You simply cannot overestimate or exaggerate how damaging the COVID-19 pandemic has been to airlines across the globe. But now a very well respected security consulting firm is predicting that air travel may return to 2019 levels by the end of 2021.
This would be good news indeed as the travel and tourism industries have been devastated by a crises larger and longer than 9/11 or the 2018 financial crash.
Crisis24 part of GardaWorld recently released their annual security report where they lay out various threats for the year ahead. Their 2021 Global Risk Forecast has some upbeat news for commercial aviation.
It Starts With A Vaccine
Crisis24 predicts that airlines will be eager to woo back corporate travelers as the pandemic subsides. This should mean low fares, ample schedules, and we would add, strong elite bonuses.
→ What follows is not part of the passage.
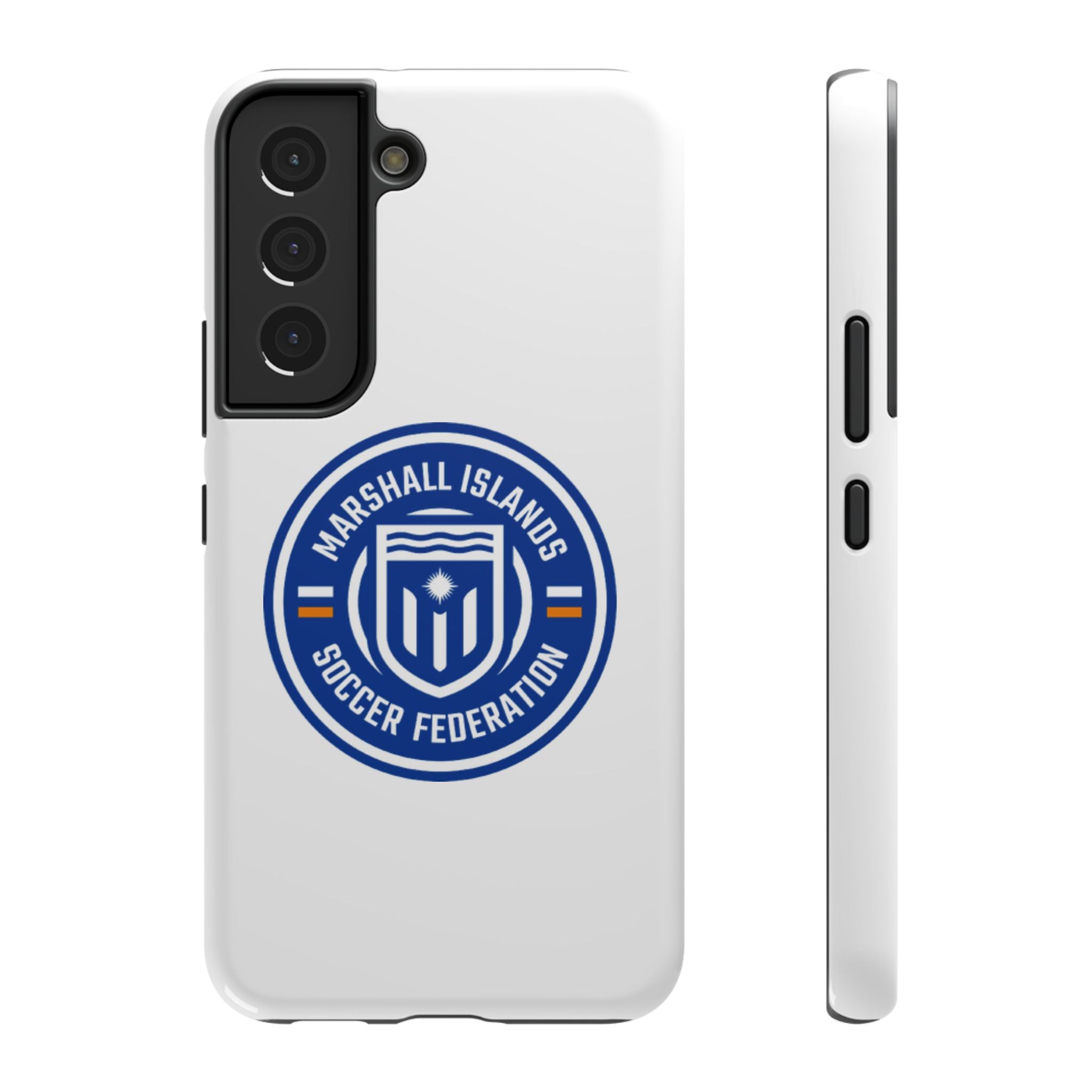 Marshall Islands Soccer Federation Phone Case — Impact-Resistant Protective Cover
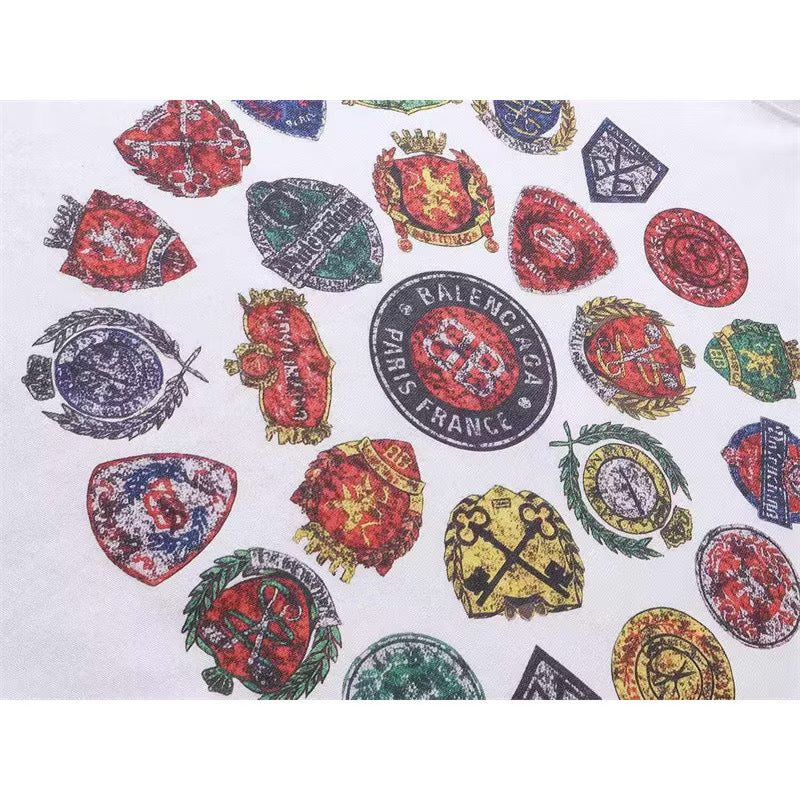 [New] Balenciaga Spiral Crest Tee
“The first six months after the COVID-19 vaccine becomes widely available will likely see airlines restore the majority of their pre-pandemic schedules. Instances in countries that have controlled the COVID-19 pandemic suggest that the public will be eager to travel and that airlines will add flights faster than they previously expected to accommodate the high demand. “
However they also note that this return to the air will be fraught with security issues as parked planes will have to be inspected and made air-worthy, pilots who have been furloughed may need additional training, and there still will be a risk of catching COVID during international travel.
As countries roll out vaccines and the world hits a threshold where herd immunity kicks in and case counts drop, then confidence will rise, and there will be a pent up demand for both leisure and business travel.
The report’s final analysis says that, “The airline industry will likely defy projections of a long-term slump in air travel following the COVID-19 pandemic, and it would not be surprising to see passenger numbers at the end of 2021 to be at least 90 percent of what they were at the end of 2019.”
Even the hope that air travel may return to 2019 levels by the end of 2021 will help keep airlines, their employee and avid fliers optimistic through the next few months.